I feel like I have been swimmming for most of my life. I spent my early years in Dallas, Texas which is to say that I spent a goodly portion of most summers in a swimming pool. When the temperature climbs over one hundred degrees and the pavement seems to radiant more heat than the blazing sun itself, there weren’t too many better places to be.
The problem with pools is that they are boring. There is very little to admire beyond the skill of the plasterer and the shine of the tiles. Years later I would discover what swimming was really all about, at least for me, when I first dove on White Banks Dry Rocks, a shallow reef near Key Largo.
It was a short ride out in an open launch. I jumped overboard into an almost overwhelming explosion of colors and shapes. Surrounded by a field of steel gray eel grass was a small forest of coral - deep orange brain coral domes rising from pure white sand, purple and red sea fans and sea plumes waving gently in the swell. And the fish – schools of iridescent blue tangs, parrot fish in a rainbow of colors, butterfly fish in brilliant yellows and black and one huge school of glass minnows that formed a shimmering wall of quicksilver suspended just above the reef.
I did a surface dive and swam toward the wall of glass minnows. The school didn’t move, it just sort of opened up and swallowed me as I swam into it. In a moment I was completely surrounded by countless tiny silver minnows swimming rapidly back and forth, flashing and dancing all around me, never close enough to touch, but not that so far either. It felt as if I was inside a shimmering silver sphere which opened again as swam on, returning me to the reef where I quickly kicked back to the surface for air.

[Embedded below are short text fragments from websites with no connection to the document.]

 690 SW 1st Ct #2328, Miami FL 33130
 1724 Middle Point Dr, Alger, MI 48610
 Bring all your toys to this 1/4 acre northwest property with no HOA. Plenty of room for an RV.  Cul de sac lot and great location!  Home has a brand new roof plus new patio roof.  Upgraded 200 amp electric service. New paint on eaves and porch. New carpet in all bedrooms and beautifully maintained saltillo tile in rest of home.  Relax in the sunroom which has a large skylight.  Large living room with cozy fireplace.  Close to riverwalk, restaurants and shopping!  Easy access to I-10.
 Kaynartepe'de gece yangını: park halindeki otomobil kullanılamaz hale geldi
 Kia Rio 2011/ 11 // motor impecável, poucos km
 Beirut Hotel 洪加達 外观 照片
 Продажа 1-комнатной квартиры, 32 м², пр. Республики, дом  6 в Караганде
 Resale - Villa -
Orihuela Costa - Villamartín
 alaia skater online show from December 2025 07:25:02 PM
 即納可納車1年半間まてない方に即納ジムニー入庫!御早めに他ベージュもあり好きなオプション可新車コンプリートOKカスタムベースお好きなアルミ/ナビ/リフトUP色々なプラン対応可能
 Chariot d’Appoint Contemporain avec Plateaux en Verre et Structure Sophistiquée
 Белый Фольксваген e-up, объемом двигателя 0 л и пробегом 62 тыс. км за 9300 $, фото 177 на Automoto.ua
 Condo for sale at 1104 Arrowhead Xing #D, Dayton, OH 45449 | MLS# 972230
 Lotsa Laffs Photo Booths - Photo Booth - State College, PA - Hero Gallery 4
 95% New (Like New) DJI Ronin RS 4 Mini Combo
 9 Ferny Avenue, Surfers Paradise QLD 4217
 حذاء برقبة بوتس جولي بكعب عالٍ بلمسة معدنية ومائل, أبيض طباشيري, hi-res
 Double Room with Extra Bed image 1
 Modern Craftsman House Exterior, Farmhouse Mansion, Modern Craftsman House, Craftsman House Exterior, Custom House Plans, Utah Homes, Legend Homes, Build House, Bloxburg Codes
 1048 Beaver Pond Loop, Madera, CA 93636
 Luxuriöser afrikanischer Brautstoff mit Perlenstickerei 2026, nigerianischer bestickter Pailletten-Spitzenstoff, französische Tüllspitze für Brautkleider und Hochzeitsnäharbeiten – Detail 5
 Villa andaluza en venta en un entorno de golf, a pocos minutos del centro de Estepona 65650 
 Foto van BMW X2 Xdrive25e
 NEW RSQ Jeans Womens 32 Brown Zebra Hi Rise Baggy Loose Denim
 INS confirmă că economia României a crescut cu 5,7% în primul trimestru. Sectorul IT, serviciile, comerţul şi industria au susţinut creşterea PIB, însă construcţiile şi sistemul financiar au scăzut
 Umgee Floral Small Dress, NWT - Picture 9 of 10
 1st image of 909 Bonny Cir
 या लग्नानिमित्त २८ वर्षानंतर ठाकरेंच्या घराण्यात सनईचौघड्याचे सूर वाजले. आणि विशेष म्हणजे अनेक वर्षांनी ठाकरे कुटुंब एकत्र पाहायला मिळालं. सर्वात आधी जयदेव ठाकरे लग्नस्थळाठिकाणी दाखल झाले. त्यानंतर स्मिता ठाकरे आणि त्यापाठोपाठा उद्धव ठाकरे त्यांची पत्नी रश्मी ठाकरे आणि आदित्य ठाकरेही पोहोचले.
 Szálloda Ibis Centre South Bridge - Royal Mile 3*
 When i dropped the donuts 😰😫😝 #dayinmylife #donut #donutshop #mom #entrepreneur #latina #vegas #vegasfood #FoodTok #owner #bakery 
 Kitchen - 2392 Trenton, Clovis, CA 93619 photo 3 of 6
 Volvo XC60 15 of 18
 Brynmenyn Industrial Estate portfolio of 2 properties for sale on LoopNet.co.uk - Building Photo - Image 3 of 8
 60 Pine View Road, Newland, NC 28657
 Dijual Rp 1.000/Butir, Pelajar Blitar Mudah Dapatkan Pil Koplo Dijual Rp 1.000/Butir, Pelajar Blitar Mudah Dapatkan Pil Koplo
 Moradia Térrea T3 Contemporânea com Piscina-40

Most folks call swimming with a mask and snorkel – snorkelling. I prefer the term – free diving. That is always the way I feel – free – encumbered only by the amount of time that I can hold my breath. I am a certified scuba diver and I enjoy it, but I hate the amount of gear – the tank, the BC, the regulator, hoses and gauges. Free diving on White Banks Dry Rocks I could laze along on the surface or dive down to skim just above the sandy bottom between the coral heads, rolling sidewides to see the large grouper or parrot fish hiding in the shadows. The antennas of spiny lobesters jutted out from holes and the delicate but threatened spines of black sea urchins warned me not to get too close.
There is a definate downside with falling in love with diving in the warm and crystalline waters of a coral reef. Suddenly dark, cold and murky lakes hold little appeal. I do try not to be too much of a warm-clear water snob. A year ago I actually went snorkelling in Alaska, which was exactly as stupid as it sounds.
So I may not be the first to jump into cold water or even to jump into a pool, but I will always long to return to swimming on the reef with only a mask, snorkel and fins.